Kat Dierickx | 01.20.2016

Note: Story originally published in the Statesman Journal. Written by Carol McAlice Currie and Zach Urness.

On the inside of a crevasse high on Mount Jefferson, between vertical walls of blue ice, Alison Fountain cradles the head of her husband, Tommy.

She speaks to him softly every few minutes, checking his vital signs in the straightforward manner of the veteran nurse she is, even as her stomach knots with anxiety.

“Tommy, are you still with me? I love you. Help is on the way.”

Tommy and Alison Fountain pose for a picture on Mount Jefferson during a 2014 trip. Photo courtesy of Alison Fountain.

There are broken bones in his hands and arms, but that’s not what has Alison worried. She’s watching his breathing and alertness, observing the way he answers questions to determine the progress of the traumatic head injury slowly swelling his brain.

Alison layers him in all the dry clothing they have — three jackets, two pairs of pants, long sleeves, long underwear, emergency blankets, hat, gloves, ski mask, wool socks, Buffs. She moves him to a place in the crevasse safe from falling rocks.

“I’m here,” Tommy says. “I’m with you.”

Every 15 minutes or so, she walks toward the mouth of the crevasse, ice popping and crunching under her spiked crampons, to search for cellphone service and the status of a rescue effort launched a few hours earlier, just after the accident.

Mount Jefferson is clear and cold this night, around 5 degrees at their 8,900-foot elevation. Moonlight is spreading milky light across the crags and ice-polished glaciers below the summit of Oregon’s second-tallest mountain.

Her phone lights up, cutting brightly through the darkness.

“Emergency crews are dispatched. Turn your phone off until you need it,” says a text message from her brother, Dalen Ashby.

She aims a flashing headlamp into the sky, hoping to catch the attention of the rescue teams and then returns to Tommy.

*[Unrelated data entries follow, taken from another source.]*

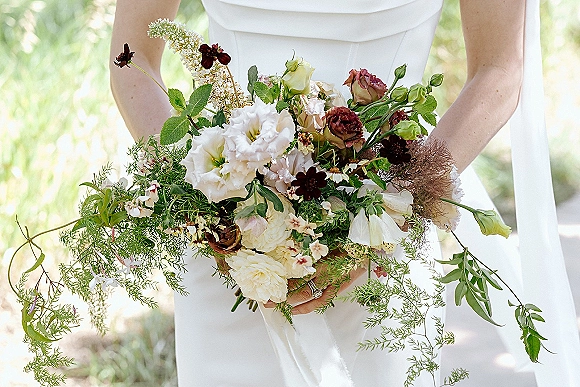 Bridal bouquet with garden style bridal bouquet roses, white lisianthus, wildflowers and trailing greenery against sunlit outdoor bokeh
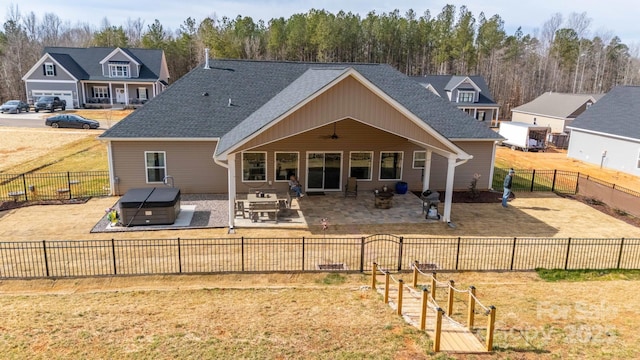 back of house featuring a hot tub, a patio area, a fenced backyard, and roof with shingles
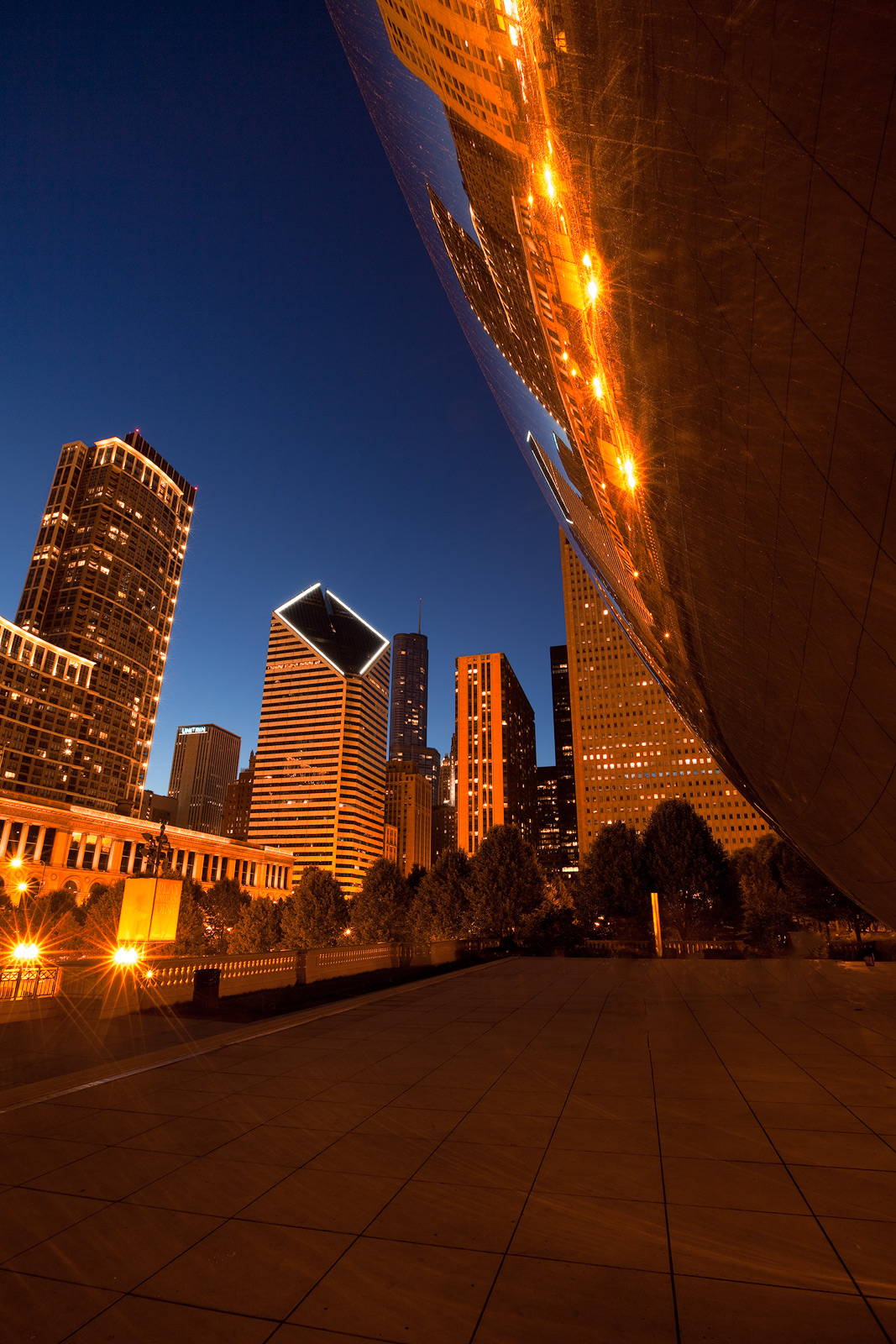 Chicago's Bean in front of skyscrapers at night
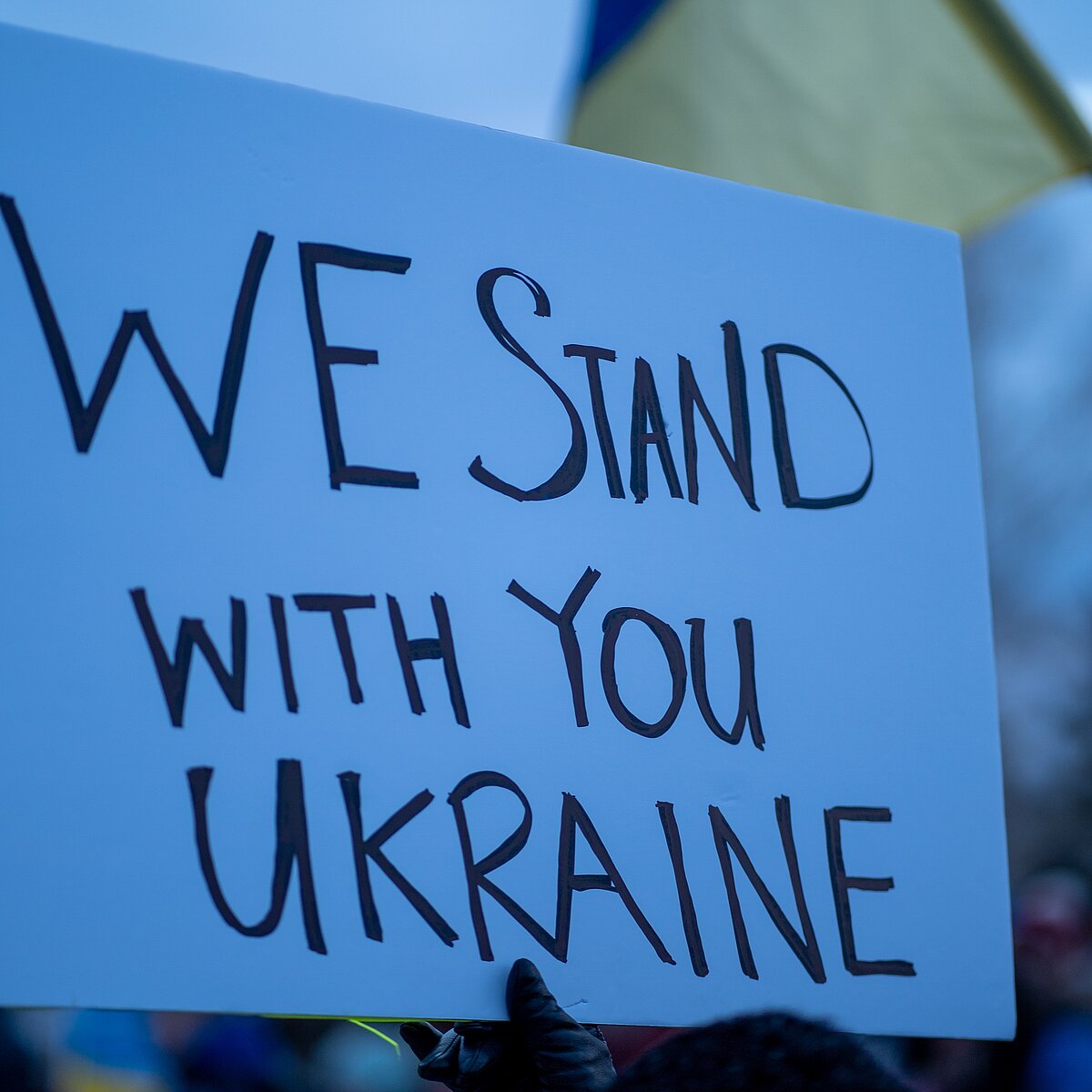 Pappschild mit der Aufschrift "We stand with you Ukraine"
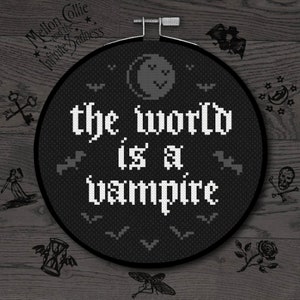 Może przedstawiać: Czarno-biały tamborek do haftu z tekstem "the world is a vampire" w stylu gotyckim. Tamborek jest otoczony przez nietoperze, gwiazdy i półksiężyc.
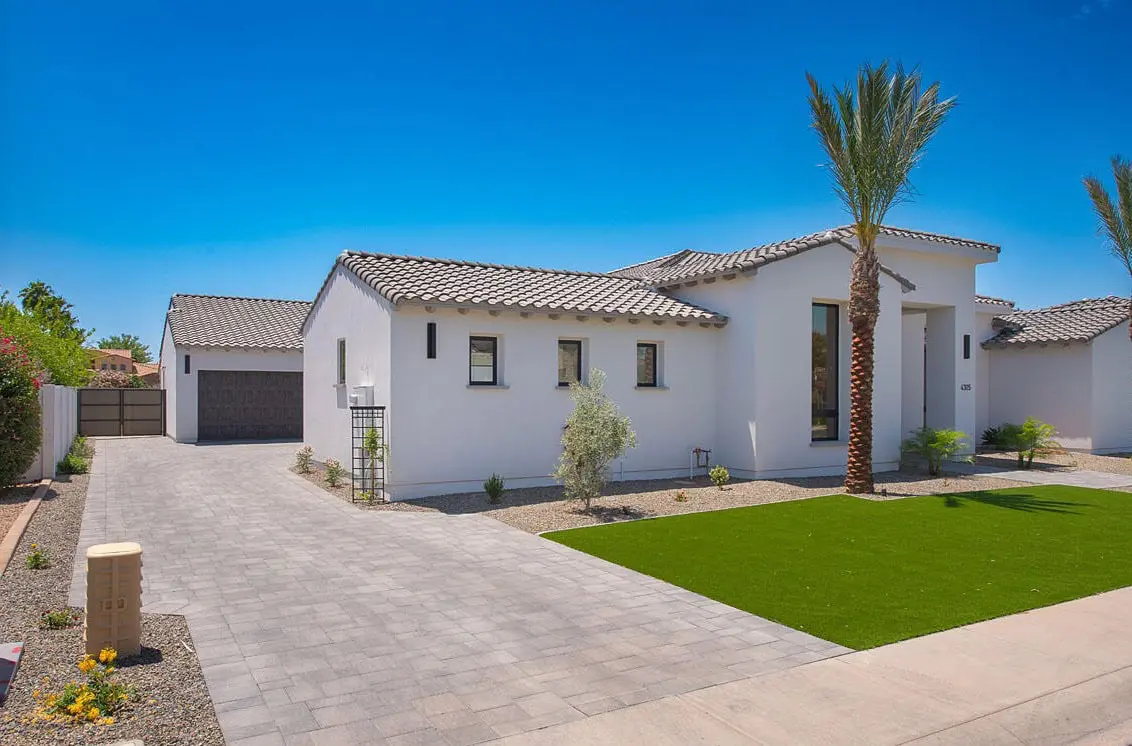 A modern white stucco house with a taupe tiled roof, located in the desert landscape of Surprise, AZ under clear blue skies. The home boasts a manicured front lawn, expert paver installation on the driveway leading to a garage, a few desert plants, and a tall palm tree enhancing the outdoor space.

His breathing is starting to become labored. She knows instinctively time is running out.

Then there is a sound.

It’s distant at first, far off. But soon the thump-thump-thump of helicopter blades breaks the silence.

Alison sprints toward the opening in the crevasse, jumping and flailing her arms, flashing the headlamp.

A spotlight breaks the darkness, finding her at the mouth of the crevasse.

Alison drops to her knees in relief, crying with happiness.

The helicopter hovers for a moment and then does something she doesn’t expect. It turns and vanishes into the night, leaving them alone, two tiny specks on a huge white mountain under a canopy of distant stars.